What is a monastery? A monastery is not so much a place set apart for
monks and nuns as it is a place set apart (period). It is also a place
to learn the value of powerlessness and a place to learn that
time is not ours, but God's.
Our home and our duties can, just like a monastery, teach us those
things. John of the Cross once described the inner essence of
monasticism in these words: "But they, O my God and my life, will see
and experience Your mild touch, who withdraw from the world and become
mild, bringing the mild into harmony with the mild, thus enabling
themselves to experience and enjoy You." What John suggests here is
that two elements make for a monastery - withdrawal from
the world and bringing oneself into harmony with the mild.
Although he was speaking about the vocation of monastic monks and nuns,
who physically withdraw from the world, the principle is equally valid
for those of us who cannot go off to monasteries and become monks and
nuns. Certain vocations offer the same kind of opportunity for
contemplation. They, too, provide a desert for
reflection.
For example, the mother who stays home with small children experiences a
very real withdrawal from the world. Her existence is definitely
monastic. Her tasks and preoccupations remove her from the centers of
power and social importance. And she feels it.

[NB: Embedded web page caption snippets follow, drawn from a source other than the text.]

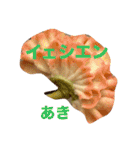 ポーランド語の発音（個別スタンプ：6）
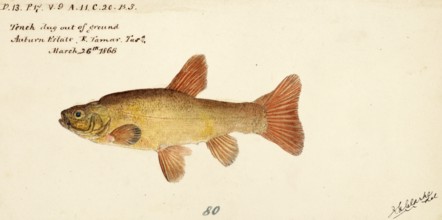 Tench, Tinca tinca, tench or doctor fish, fish, reproduction of an original, by Frank Edward Clarke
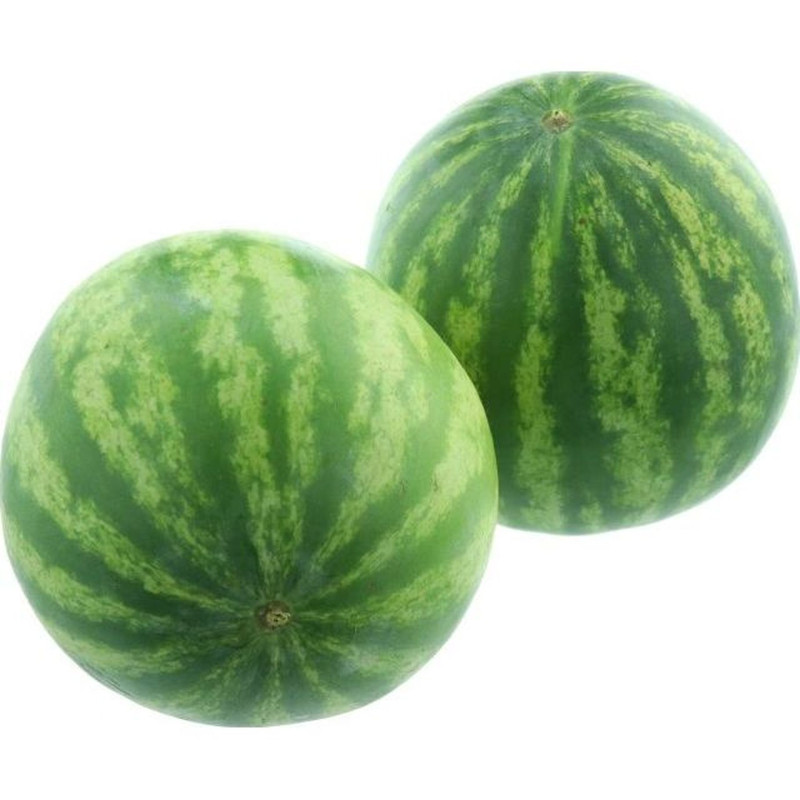 PASTEQUE QWETZALY KG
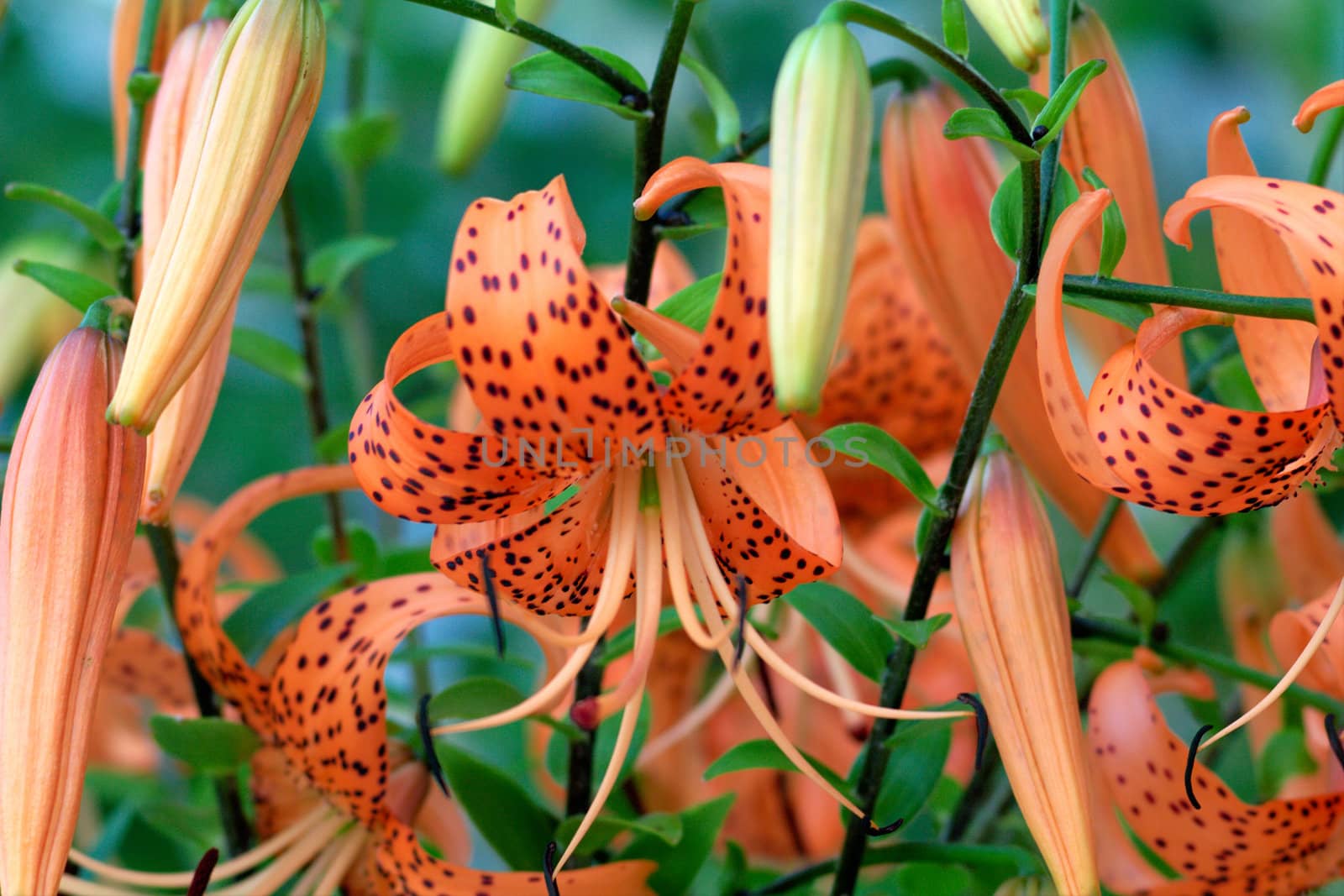 Tiger Lily, Lat. Lilium lancifoliu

Moreover, her sustained contact with young children (the mildest of the
mild) gives her a privileged opportunity to be in harmony with the mild
- that is, to attune herself to the powerless rather than to the
powerful.
Moreover, the demands of young children also provide her with what St.

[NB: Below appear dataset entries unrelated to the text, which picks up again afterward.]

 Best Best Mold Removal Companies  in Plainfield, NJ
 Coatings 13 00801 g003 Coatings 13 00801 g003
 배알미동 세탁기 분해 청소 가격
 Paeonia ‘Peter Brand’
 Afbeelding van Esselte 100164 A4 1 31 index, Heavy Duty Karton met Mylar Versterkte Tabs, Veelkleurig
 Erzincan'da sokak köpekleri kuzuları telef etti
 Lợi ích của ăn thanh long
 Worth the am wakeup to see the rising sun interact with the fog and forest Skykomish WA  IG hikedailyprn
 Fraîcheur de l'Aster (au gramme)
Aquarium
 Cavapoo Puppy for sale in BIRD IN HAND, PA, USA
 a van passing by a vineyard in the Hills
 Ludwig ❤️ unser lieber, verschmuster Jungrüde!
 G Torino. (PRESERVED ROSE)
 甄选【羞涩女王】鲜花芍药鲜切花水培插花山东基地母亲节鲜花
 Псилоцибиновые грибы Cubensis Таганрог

Bernard, one of the great architects of Monasticism, called the
"monastic bell." All monasteries have a bell. Bernard, in writing his
rules for monasticism, told his monks that whenever the monastic bell
rang, they were to drop whatever they were doing and go immediately to
the particular activity (Prayer, meals, work, study, sleep) to which the
bell was summoning them. He was adamant that they respond immediately,
stating that if they were writing a letter they were to stop in
mid-sentence when the bell rang. The idea in his mind was that when the
bell called, it called you to the next task and you were to respond
immediately, not because you want to, but because it's time, it's God's
time. For him, the monastic bell was intended as a discipline to
stretch the heart by always taking you beyond your own agenda to God's
agenda.
Hence, a mother rearing children, perhaps in a more privileged way even
than a professional contemplative, is forced, almost against her will,
to constantly stretch her heart. For years, while rearing children, her
time is never her own, her own needs have to be kept in second place,
and every time she turns around a hand is reaching out and demanding
something. She hears the monastic bell many times during the day and
she has to drop things in mid-sentence and respond, not because she wants to,
but because it's time for that activity and time isn't her time, but God's time.

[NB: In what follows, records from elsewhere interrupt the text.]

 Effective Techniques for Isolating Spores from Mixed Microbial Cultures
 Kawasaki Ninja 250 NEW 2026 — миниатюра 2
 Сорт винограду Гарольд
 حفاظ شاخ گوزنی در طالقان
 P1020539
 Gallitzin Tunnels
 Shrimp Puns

The rest of us experience the monastic bell each morning when our alarm clock rings and
we get out of bed and ready ourselves for the day, not because we want
to, but because it's time. The principles of monasticism are
time-tested, saint-sanctioned, and altogether trustworthy.
But there are different kinds of monasteries,
different ways of putting ourselves into harmony with the mild, and
different kinds of monastic bells. Response to duty can be monastic
prayer, a needy hand can be a monastic bell, and working without status
and power can constitute a withdrawal into a monastery where God can
meet us. The domestic can be the monastic."